Web page caption snippets
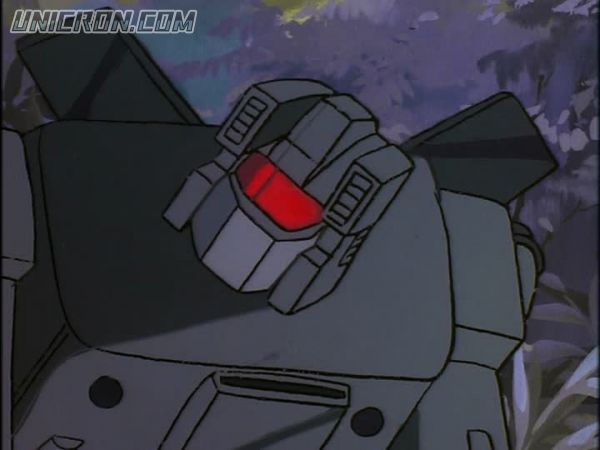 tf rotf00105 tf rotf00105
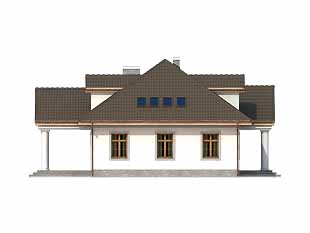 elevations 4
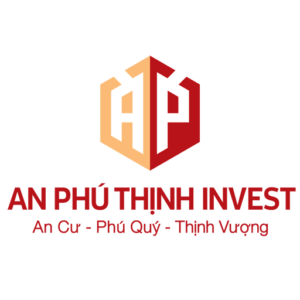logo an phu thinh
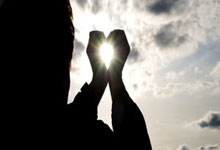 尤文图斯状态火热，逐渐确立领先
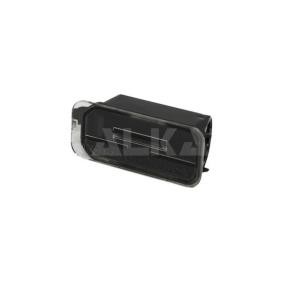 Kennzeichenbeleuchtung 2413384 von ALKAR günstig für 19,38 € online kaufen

◆ About this exercise
Output exactly the lines from the line containing "logo an phu thinh" through the last line of the records, both included, and leave out every picture.

◆ Reply
logo an phu thinh
 尤文图斯状态火热，逐渐确立领先
 Kennzeichenbeleuchtung 2413384 von ALKAR günstig für 19,38 € online kaufen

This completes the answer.